# WHAT THE TASK ASKS
Copy each line of the data beneath in which the word "from" appears.

Start of DATASET EXCERPTS

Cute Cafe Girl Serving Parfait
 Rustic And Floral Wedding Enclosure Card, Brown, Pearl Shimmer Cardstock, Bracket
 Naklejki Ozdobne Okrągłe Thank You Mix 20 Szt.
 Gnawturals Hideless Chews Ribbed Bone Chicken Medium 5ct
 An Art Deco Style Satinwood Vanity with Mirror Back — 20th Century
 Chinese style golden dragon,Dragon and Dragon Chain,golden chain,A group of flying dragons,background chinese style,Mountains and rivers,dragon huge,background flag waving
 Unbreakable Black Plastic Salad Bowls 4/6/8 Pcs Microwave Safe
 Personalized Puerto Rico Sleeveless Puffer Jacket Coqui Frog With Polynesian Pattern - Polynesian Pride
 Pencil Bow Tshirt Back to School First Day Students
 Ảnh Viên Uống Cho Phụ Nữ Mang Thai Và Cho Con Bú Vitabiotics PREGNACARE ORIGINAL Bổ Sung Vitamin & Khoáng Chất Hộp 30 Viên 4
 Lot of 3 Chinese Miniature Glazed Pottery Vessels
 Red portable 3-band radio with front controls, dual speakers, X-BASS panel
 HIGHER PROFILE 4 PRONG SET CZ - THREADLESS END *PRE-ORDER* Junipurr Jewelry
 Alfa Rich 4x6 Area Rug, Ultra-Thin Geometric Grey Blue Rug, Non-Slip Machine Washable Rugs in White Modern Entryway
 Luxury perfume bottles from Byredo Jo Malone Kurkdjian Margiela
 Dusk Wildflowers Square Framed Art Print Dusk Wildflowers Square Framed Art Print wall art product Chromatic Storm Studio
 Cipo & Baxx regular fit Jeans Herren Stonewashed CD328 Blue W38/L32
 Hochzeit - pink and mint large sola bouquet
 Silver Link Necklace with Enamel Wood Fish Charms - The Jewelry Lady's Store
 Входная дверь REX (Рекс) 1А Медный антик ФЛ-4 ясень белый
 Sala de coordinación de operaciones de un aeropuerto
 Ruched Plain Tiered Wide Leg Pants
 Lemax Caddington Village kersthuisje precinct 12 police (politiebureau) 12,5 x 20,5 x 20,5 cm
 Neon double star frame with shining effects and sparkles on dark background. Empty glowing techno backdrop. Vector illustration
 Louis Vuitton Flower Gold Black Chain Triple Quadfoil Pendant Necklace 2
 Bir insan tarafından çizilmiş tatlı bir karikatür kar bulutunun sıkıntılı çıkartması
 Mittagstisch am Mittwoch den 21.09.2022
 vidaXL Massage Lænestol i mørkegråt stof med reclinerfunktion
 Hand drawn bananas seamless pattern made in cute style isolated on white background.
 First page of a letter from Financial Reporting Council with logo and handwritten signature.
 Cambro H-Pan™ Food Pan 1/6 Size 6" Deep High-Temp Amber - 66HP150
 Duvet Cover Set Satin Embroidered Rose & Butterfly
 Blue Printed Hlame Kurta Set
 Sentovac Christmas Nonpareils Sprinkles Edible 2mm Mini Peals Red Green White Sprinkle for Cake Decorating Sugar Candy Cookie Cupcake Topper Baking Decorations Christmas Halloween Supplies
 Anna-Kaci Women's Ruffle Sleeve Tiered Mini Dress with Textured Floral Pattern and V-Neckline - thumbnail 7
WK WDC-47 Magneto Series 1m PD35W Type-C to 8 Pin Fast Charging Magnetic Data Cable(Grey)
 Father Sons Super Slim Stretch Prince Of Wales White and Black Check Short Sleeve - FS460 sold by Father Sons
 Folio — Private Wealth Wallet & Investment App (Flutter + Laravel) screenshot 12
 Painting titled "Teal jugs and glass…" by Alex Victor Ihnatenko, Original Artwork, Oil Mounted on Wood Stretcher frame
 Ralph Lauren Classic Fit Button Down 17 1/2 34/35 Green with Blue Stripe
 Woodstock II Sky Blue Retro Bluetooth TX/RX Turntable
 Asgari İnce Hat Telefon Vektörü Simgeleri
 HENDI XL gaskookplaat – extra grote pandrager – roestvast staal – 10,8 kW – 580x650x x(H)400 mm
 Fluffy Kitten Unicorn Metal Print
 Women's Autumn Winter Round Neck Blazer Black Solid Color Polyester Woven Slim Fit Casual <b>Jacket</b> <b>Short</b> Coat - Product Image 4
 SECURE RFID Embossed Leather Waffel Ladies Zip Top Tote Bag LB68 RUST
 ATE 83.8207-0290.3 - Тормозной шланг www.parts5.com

End of DATASET EXCERPTS

# TASK RESPONSE
 Luxury perfume bottles from Byredo Jo Malone Kurkdjian Margiela
 First page of a letter from Financial Reporting Council with logo and handwritten signature.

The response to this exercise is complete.